§ **YOUR GOAL**
Below are entries with pictures among them; reproduce exactly, and only, the lines from the one containing "7 Bailiwick Road, Greenwich CT 06831" down to the one containing "Access Architecture logo", without the pictures.

§ **ENTRIES SHOWN**
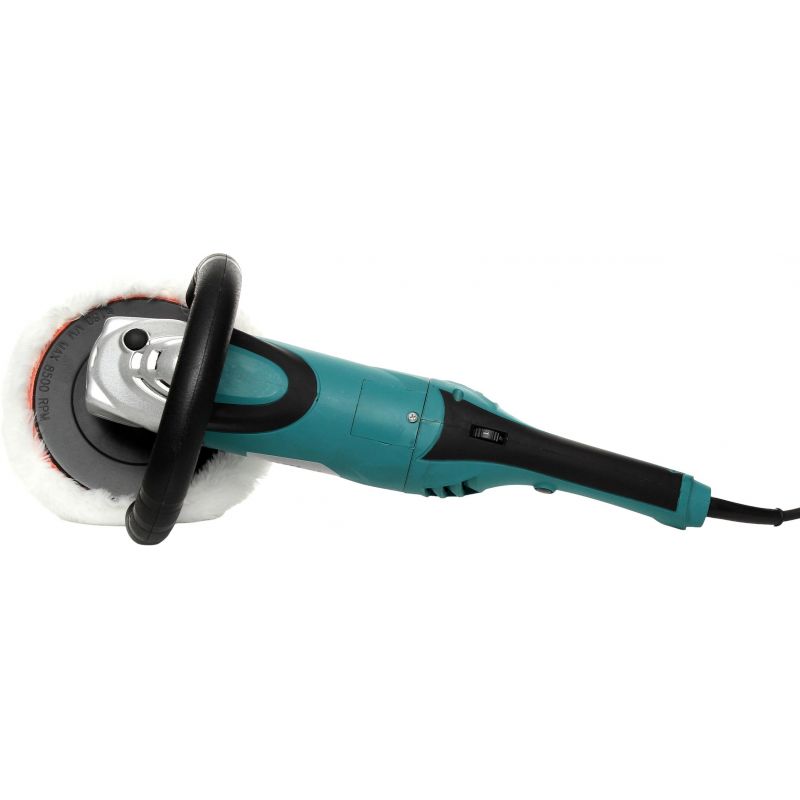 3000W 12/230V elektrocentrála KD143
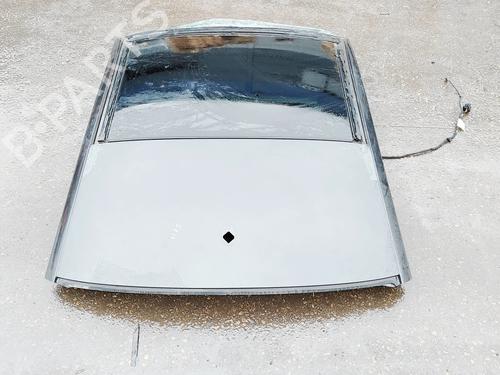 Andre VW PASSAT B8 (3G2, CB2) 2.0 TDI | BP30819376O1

---

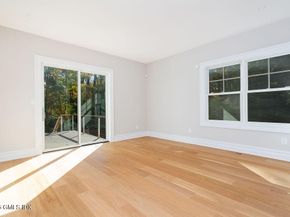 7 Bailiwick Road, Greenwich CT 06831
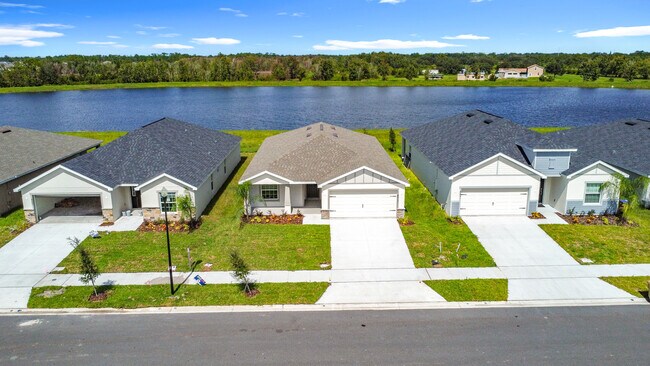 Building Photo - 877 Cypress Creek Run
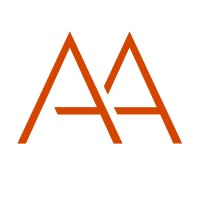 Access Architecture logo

---

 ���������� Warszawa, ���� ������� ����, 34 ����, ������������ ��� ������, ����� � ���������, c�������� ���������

§ **SOLUTION TO THIS TASK**
 7 Bailiwick Road, Greenwich CT 06831
 Building Photo - 877 Cypress Creek Run
 Access Architecture logo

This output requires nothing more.